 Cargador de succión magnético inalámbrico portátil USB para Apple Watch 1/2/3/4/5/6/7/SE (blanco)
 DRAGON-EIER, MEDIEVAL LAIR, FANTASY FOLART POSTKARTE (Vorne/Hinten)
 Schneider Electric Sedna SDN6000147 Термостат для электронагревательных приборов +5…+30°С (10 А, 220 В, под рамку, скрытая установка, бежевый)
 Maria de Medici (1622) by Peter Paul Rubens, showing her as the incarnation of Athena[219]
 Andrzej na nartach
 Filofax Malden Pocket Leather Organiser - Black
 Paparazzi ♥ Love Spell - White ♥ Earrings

* * *

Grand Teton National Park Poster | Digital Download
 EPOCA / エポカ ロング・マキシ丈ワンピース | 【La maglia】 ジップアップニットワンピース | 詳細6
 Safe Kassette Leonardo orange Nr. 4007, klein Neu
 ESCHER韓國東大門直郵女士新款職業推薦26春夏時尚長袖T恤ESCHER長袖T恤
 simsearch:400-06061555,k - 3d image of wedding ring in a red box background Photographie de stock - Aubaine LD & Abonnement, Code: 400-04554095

==

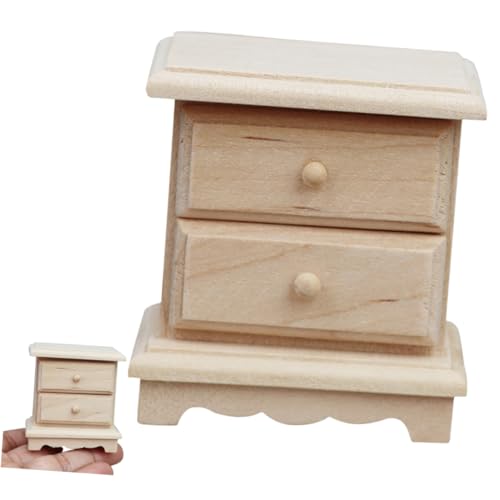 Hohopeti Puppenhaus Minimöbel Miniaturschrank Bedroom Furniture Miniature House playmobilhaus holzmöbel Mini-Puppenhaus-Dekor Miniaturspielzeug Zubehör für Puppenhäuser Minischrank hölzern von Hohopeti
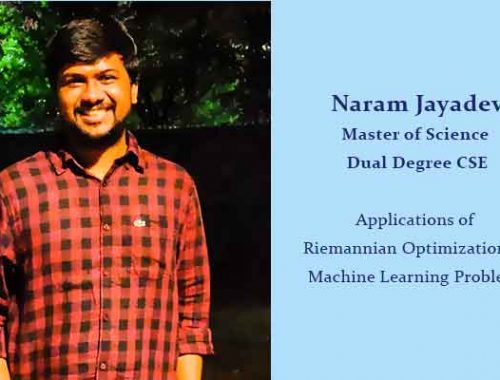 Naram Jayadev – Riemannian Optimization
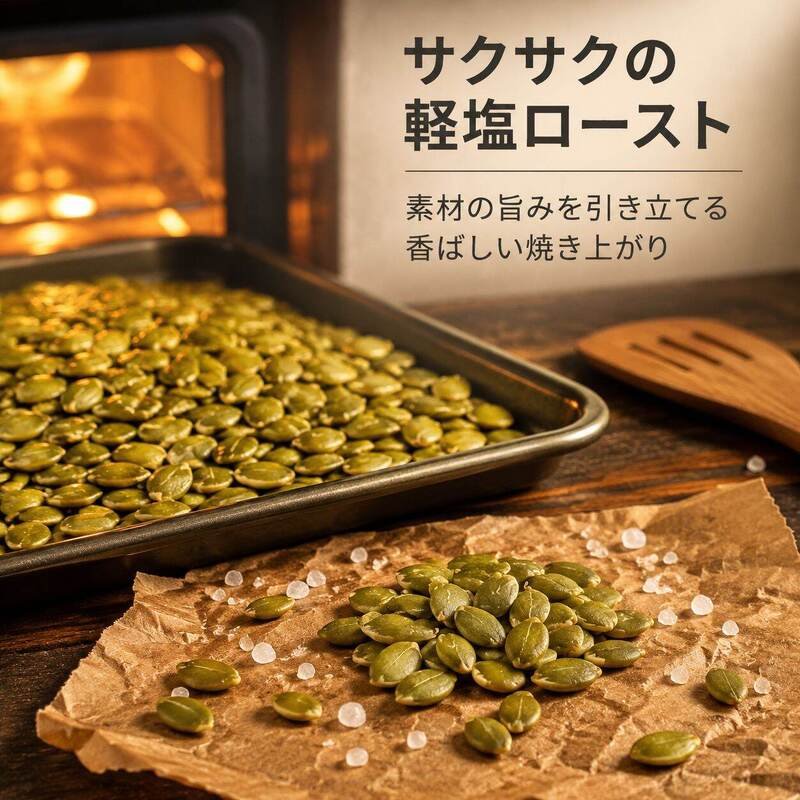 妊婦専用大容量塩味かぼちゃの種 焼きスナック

EXERCISE REQUIREMENTS:
After locating the line with "Filofax Malden Pocket" in the material above, return it and each line after it exactly, ending at the line with "Paparazzi ♥ Love Spell - White ♥ Earrings".

WRITTEN RESPONSE:
 Filofax Malden Pocket Leather Organiser - Black
 Paparazzi ♥ Love Spell - White ♥ Earrings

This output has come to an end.